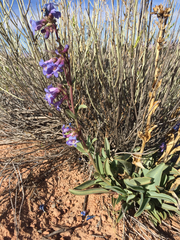 Penstemon pachyphyllus pachyphyllus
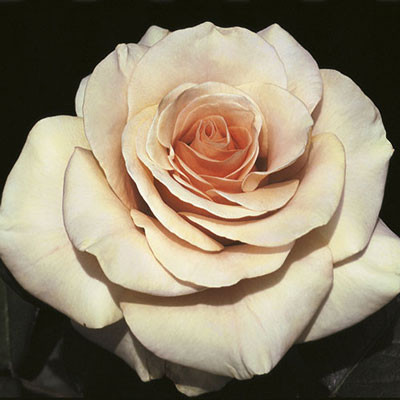 Weeks Roses Marilyn Monroe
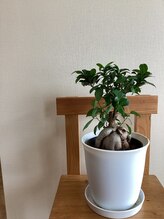 サロンドボーテルリアン(salon de beaute Le lien) Komatsu Kiyomi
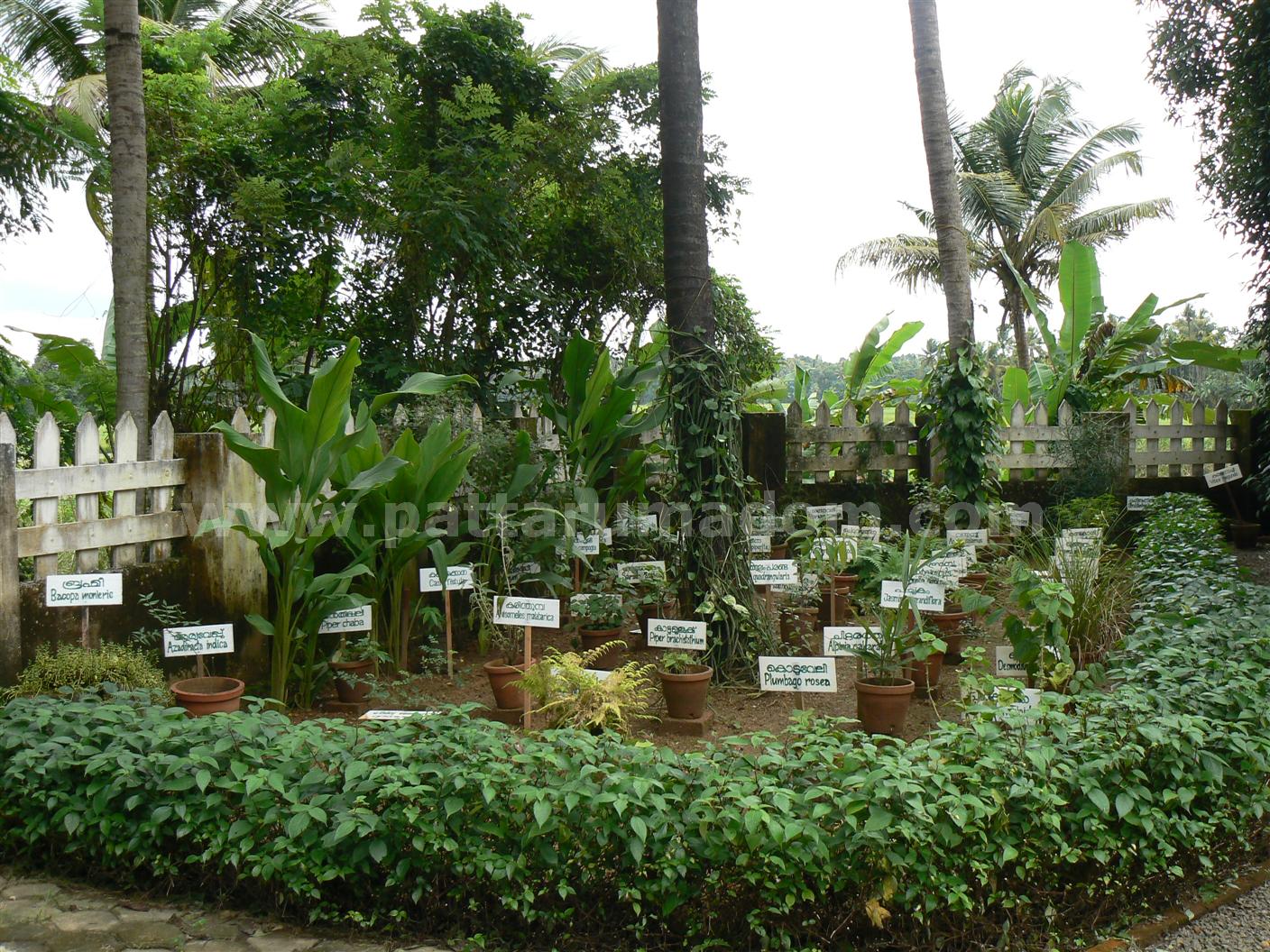  Ernakulam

########

## Problem statement
Beginning with the line that contains "サロンドボーテルリアン(salon de beaute" and ending with the last line of the data, transcribe each line exactly; pictures stay out.

## Reply to the task
 サロンドボーテルリアン(salon de beaute Le lien) Komatsu Kiyomi
  Ernakulam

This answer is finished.